Similarly, the attractions of gaining a single view of donors
and amalgamating existing databases can belie the difficulties
involved. “It’s a fantastic idea,” says
Saxton. “It’s just an awful lot harder to achieve
in practice.”
Too often charities imagine that amalgamating a number of
old database “dinosaurs” will result in a new,
single, nimble, “gazelle-like” result, he suggests.
The reality can be somewhat different. “In fact you
normally just end up with one even bigger dinosaur,”
warns Saxton.
Still, it is worth persevering with such efforts –
and not just because it will mean more money for charities
from those on their books.
As Sargeant points out, the sector has increasingly relied
on list swaps in recent years and a dwindling band of donors,
albeit more generous, are responsible for its voluntary
income. Long-term that doesn’t look entirely sustainable.

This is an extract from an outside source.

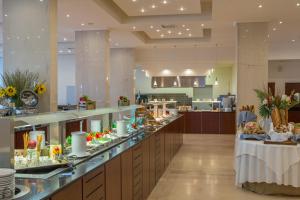 a kitchen filled with lots of counter top space at Kresten Palace Hotel in Kallithea Rhodes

“It’s not growing the charity pie,” he
says. “What we need is a little more of the genuinely
missionary stuff, bringing new supporters into the sector.”

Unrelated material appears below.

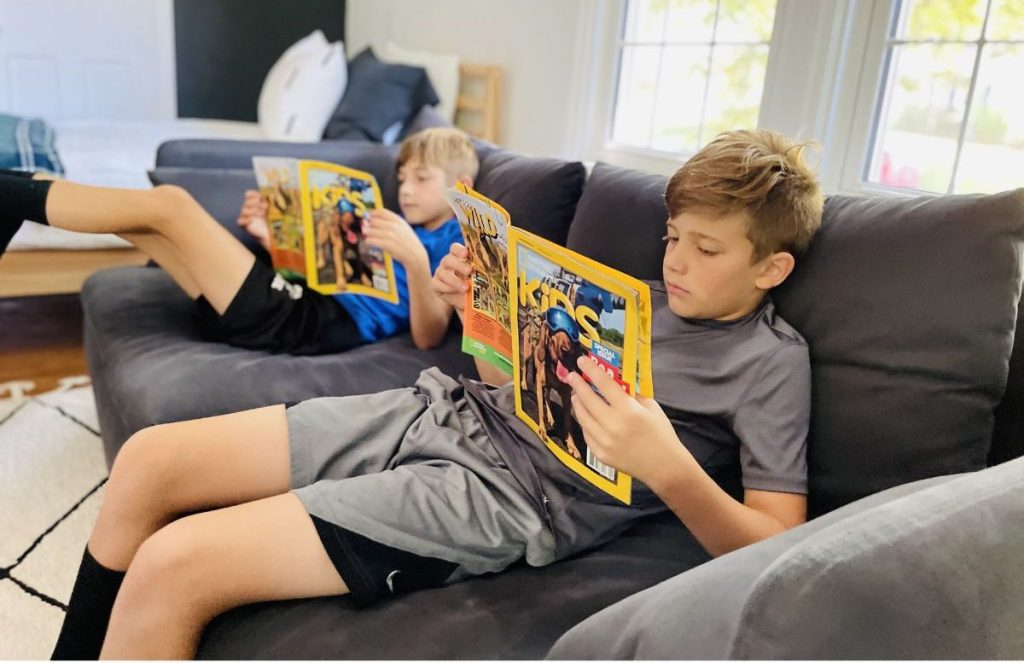 2 boys sitting on couch reading National Geogrpahic kids magazines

The problem with that is that it’s expensive. With
list swaps, charities may hope to break even on donor recruitment;
if they’re after new donors, they can lose half of
what they put in to it. With so much focus on keeping fundraising
costs down, the only way this will be attractive to charities
is if they can be confident those donors will provide decent
lifetime value. In the long term, the key to gaining the
next generation of donors may prove to be learning how to
look after the ones the sector already has.
How it will work
The key to what Cancer Research UK dubs its supporter relationship
management (SRM) programme is achieving a “single
support view”.
“It will enable us to learn where they come from,
why they support us, what their preferences are and what
their motivations are,” says Taylor. “Getting
those insights means we can track their journey with us
more clearly and talk to them in ways that will deepen that
relationship and keep them with us longer.” First,
though, it means spending a lot of money on IT and consultants.

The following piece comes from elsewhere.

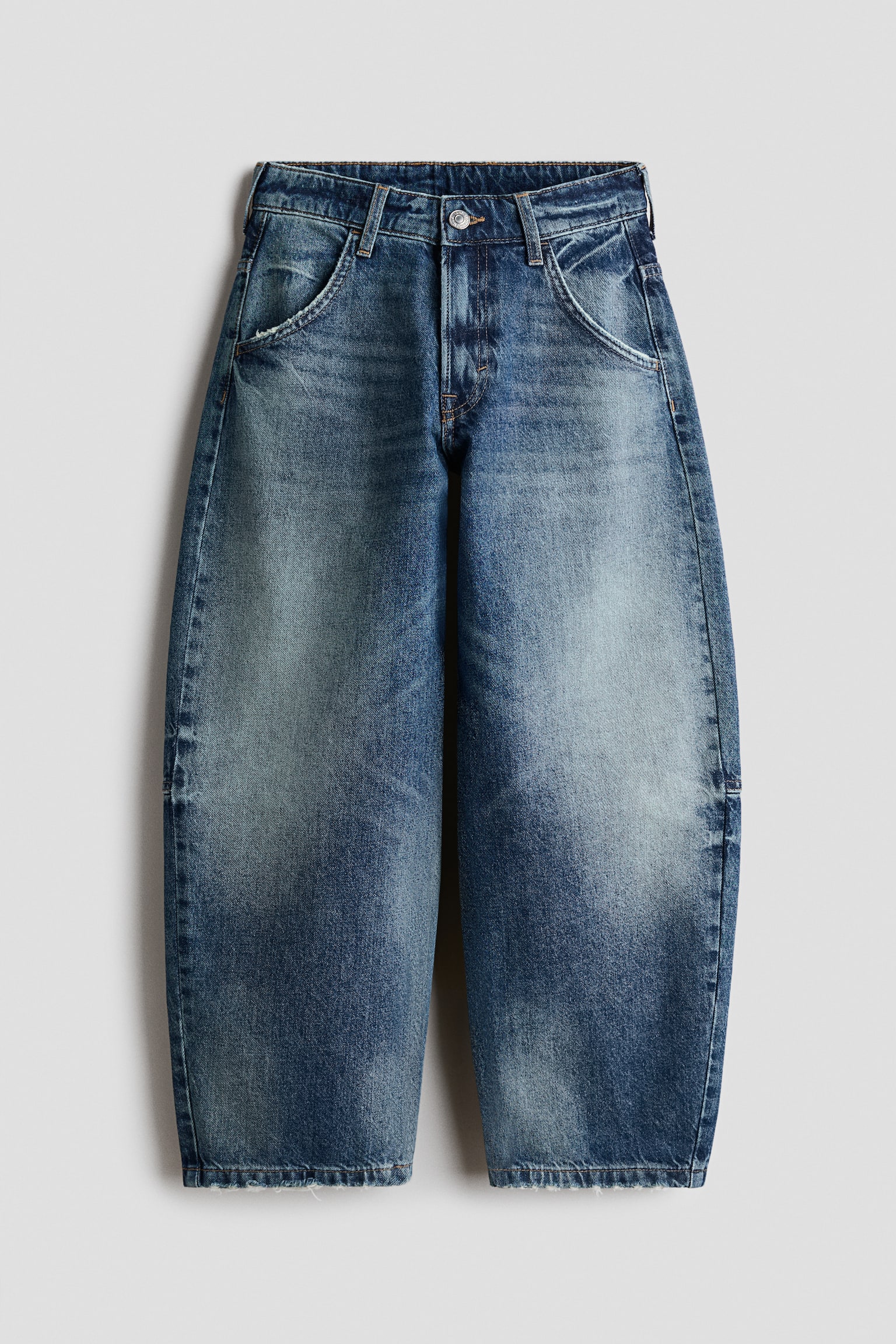 A pair of blue denim jeans is shown from the front, showcasing a balloon-leg silhouette with a faded, worn-in wash on the thighs and knees. The jeans feature classic five-pocket styling, contrast stitching, a button fastening with a zip fly, and slightly frayed hems.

The charity currently has six different databases –
one for legacies, one for direct marketing, another for
community fundraising, events and so on. These are to be
amalgamated into one.
Furthermore, the charity has also restructured to accommodate
the new strategy. A central marketing department will replace
separate functions found in each of the fundraising departments,
and will ensure coherence in its campaigns and prevent the
charity from competing against itself. Other central departments
will deal with supporter relationship management, high value
relationships, community fundraising and events, and strategic
development.
“It’s about organising the charity around the
supporter bases so we can plan more clearly,” explains
Taylor.
Such an approach should serve the charity well, suggests
Harris at DMS. Much of the reason for the failure of CRM
programmes, he suggests, is that charities aren’t
prepared to change the way they work to accommodate them.
“Too many fail to appreciate that CRM isn’t
just a piece of software,” he comments. “You
have to organise your group around it as well.”
However, it’s not going to be easy, and it’s
a major change for a charity of CRUK’s size. “It’s
complex; it’s expensive; and it takes time,”
says Taylor. “This is a long-term project.”
Despite this, though, the results he hopes for mean the
project would pay for itself within three years.